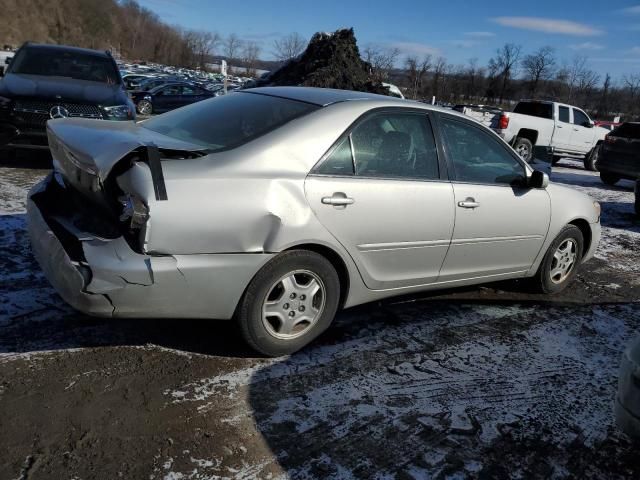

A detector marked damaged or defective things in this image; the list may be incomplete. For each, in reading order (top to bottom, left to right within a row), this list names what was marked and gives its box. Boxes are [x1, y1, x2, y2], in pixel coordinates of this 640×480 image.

wrecked vehicle [27, 87, 604, 356]
damaged silver sedan [27, 87, 604, 356]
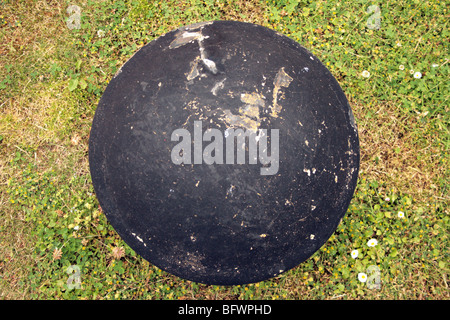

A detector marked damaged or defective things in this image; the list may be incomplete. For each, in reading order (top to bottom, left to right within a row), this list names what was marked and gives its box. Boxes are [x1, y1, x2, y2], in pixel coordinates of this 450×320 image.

peeling paint [268, 67, 294, 117]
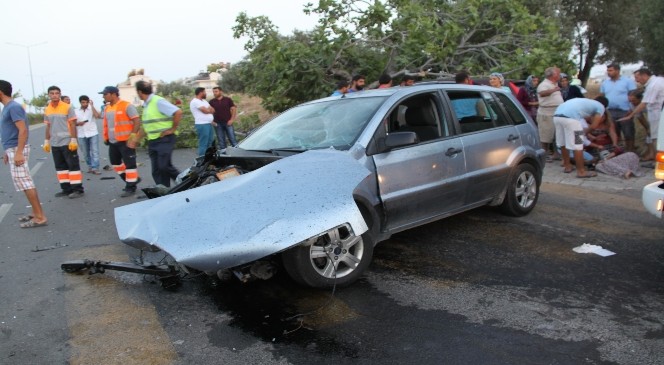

******

_ABOUT THIS TASK_
Exactly reproduce the entries above, minus the pictures.

_THE ANSWER_
A detector marked damaged or defective things in this image; the list may be incomplete. For each, in reading order (top to bottom, left to right within a row), this list names what was marked and gives its box. Boxes are [x1, y1, x2, y2], in pixel coordinates of this 640×480 image.

wrecked vehicle [27, 87, 604, 356]
damaged silver sedan [27, 87, 604, 356]

A detector marked damaged or defective things in this image; the list may be incomplete. For each, in reading order (top to bottom, left to right within a row), this list names what was marked and gives its box. Boxes are [x1, y1, x2, y2], in pixel coordinates of this 450×320 image.

peeling paint [268, 67, 294, 117]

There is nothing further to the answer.